Repeat word for word the line with "Eat Sleep Fly" and every line after it until the records below run out.

Start of Dataset

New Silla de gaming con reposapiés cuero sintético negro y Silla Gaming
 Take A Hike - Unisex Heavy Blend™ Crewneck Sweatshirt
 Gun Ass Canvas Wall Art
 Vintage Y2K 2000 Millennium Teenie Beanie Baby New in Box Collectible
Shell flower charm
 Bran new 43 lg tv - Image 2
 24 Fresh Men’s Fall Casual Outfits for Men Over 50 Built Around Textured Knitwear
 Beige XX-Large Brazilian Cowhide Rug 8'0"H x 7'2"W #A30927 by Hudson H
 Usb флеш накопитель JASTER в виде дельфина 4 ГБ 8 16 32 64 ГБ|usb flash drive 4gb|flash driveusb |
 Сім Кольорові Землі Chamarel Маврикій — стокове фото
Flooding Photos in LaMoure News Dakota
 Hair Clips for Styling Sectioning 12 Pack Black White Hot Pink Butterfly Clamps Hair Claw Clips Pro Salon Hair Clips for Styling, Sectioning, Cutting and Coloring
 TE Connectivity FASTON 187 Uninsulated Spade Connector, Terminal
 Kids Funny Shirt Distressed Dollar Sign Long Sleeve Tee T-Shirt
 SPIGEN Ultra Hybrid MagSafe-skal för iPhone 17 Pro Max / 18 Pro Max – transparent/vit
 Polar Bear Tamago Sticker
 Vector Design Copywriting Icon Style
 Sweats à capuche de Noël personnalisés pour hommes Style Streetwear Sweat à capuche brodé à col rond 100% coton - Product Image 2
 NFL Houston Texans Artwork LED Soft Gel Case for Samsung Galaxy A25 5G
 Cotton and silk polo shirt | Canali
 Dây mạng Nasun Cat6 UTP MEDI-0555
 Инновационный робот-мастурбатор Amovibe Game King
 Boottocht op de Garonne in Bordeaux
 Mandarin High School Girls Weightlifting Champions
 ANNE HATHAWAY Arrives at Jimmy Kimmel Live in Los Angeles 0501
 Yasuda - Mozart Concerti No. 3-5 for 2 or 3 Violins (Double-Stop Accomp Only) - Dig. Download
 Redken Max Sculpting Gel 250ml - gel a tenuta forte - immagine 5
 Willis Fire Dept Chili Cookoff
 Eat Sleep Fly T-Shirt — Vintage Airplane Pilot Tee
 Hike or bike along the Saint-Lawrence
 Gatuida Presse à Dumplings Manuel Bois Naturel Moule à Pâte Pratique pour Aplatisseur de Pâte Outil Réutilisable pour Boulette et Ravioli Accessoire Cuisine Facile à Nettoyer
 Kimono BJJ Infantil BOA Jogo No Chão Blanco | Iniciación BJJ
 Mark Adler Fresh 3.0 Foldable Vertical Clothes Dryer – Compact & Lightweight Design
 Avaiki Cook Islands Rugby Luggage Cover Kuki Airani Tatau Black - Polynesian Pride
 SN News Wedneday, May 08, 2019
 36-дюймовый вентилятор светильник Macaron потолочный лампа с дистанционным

End of Dataset

▶ [Result]:
 Eat Sleep Fly T-Shirt — Vintage Airplane Pilot Tee
 Hike or bike along the Saint-Lawrence
 Gatuida Presse à Dumplings Manuel Bois Naturel Moule à Pâte Pratique pour Aplatisseur de Pâte Outil Réutilisable pour Boulette et Ravioli Accessoire Cuisine Facile à Nettoyer
 Kimono BJJ Infantil BOA Jogo No Chão Blanco | Iniciación BJJ
 Mark Adler Fresh 3.0 Foldable Vertical Clothes Dryer – Compact & Lightweight Design
 Avaiki Cook Islands Rugby Luggage Cover Kuki Airani Tatau Black - Polynesian Pride
 SN News Wedneday, May 08, 2019
 36-дюймовый вентилятор светильник Macaron потолочный лампа с дистанционным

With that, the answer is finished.